Check out on-line resources like Children’s Book Insider (CBI), 12 x 12, SCBWI. Learn as much as you can about writing for children.
13. What was one of the most surprising things you learned in creating your books?
My books take on lives of their own. Writing each one is such a joy. I talk to the characters, work through their problems, rejoice as I come to the end and the problems are resolved. It’s really fun!
14. How many books have you written?
I’ve written probably over twenty manuscripts. I’ve had several stories published in anthologies and magazines. So far I’ve had just one book published, my picture book, Buster the Little Garbage Truck. (But I have two books currently out on submission and am very optimistic that they will both find publishers soon!)

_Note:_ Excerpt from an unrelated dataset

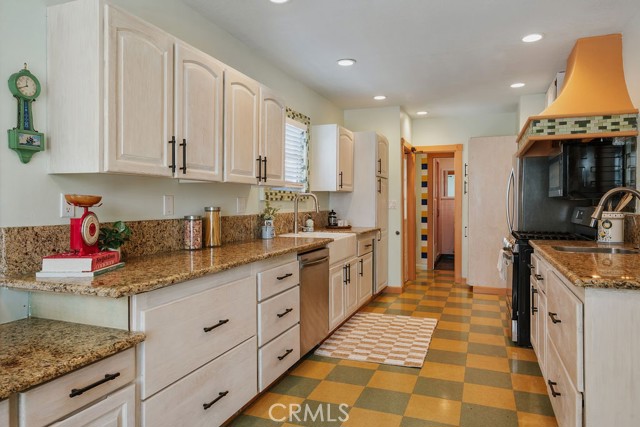 MLS #OC25255946 image #16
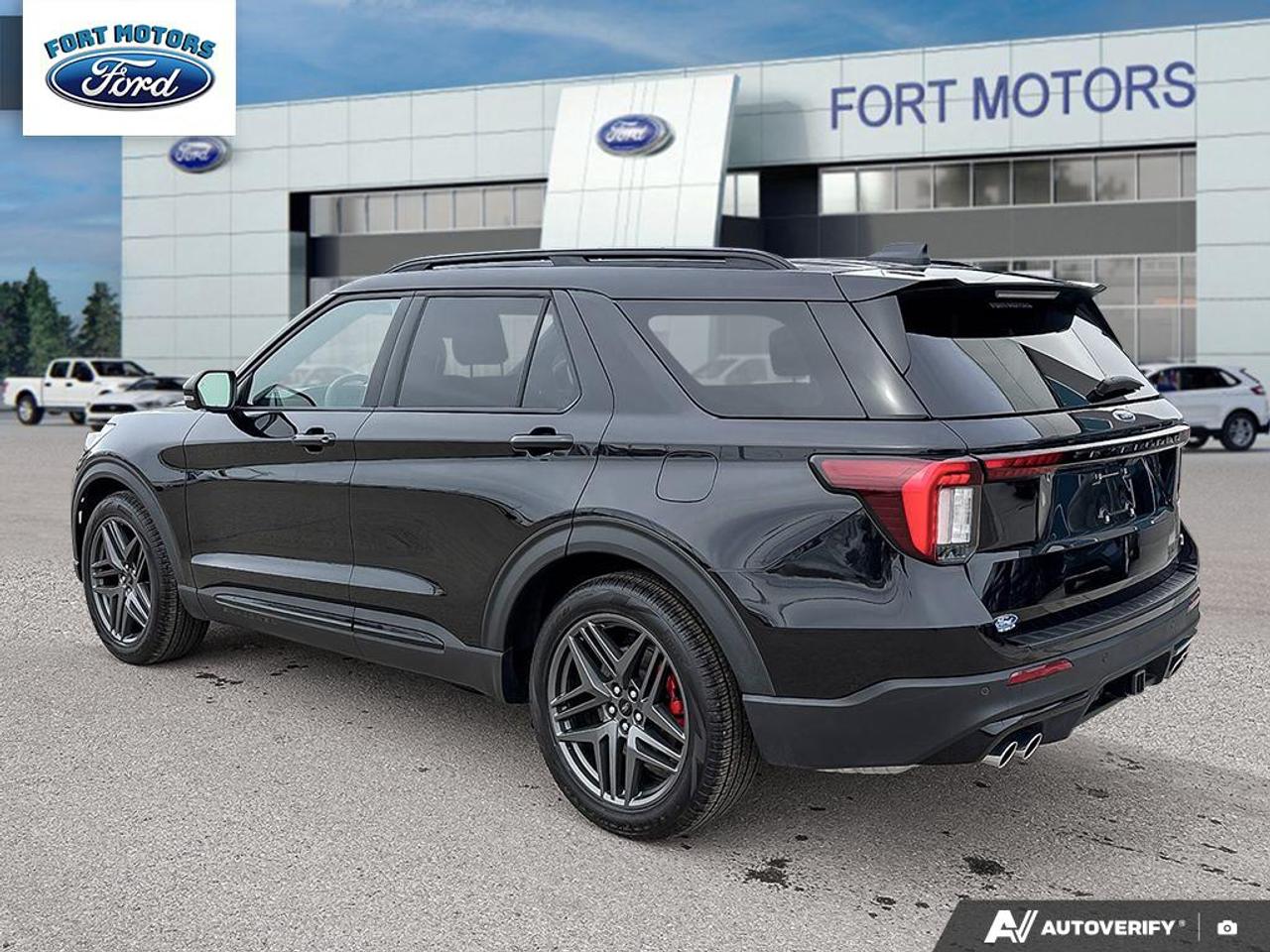 2026 Ford Explorer ST Photo3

15. Do you have any tricks or tips to help others become a better writer?
Read, be familiar with what’s currently selling, then go ahead and write your own story. When your writing partner/critique group offers suggestions, listen, but use your own judgment as to what to change and what to keep. TRUST YOURSELF! And WRITE, WRITE, WRITE!
16. We’ve heard that it is good to provide twists in a good story. How do you do this?
I write picture books, so sometimes a twist isn’t as easy. I do place obstacles in the path of my main characters and make sure they are the ones solving their own problems. And just when they are about to succeed-POW! Hit them with one last obstacle.
17. What makes your book stand out from the crowd?
Buster is about a young garbage truck who has a very child-like problem. The book has a garbage truck, a kitty cat and shows ways to work to overcome fears. It is a winning combination for preschool through Kindergarten aged children.
18. What are some ways in which you promote your work?
I have a website (marciaberneger.com, a Facebook page (marciaberneger) and a Twitter page (#marciaberneger). I try to post things, especially on Facebook, that concern Buster whenever I can. For example, Buster and Kitty wished everyone a happy New Year.
I also go to bookstores and libraries and offer to read Buster for their story times, and I’m hoping to go to schools this spring for author talks.
19. What is the one thing you would do differently now (concerning writing) and why?
It’s funny—you’re never truly done with your writing. If I could, I’d cut about 100 words from Buster’s text. I didn’t read it enough to children before I submitted it. I read the book, I can see where they wiggle and lose focus. Those words aren’t needed and shouldn’t be there. Now, when I think a manuscript is done, I read it to a group of children, pencil in hand, and mark any pages that need to be less wordy.
20. What would you like carved onto your tombstone? Or what saying or mantra do you live by?
Right now, I’d use Buster’s mantra: Be brave—Honk your horn!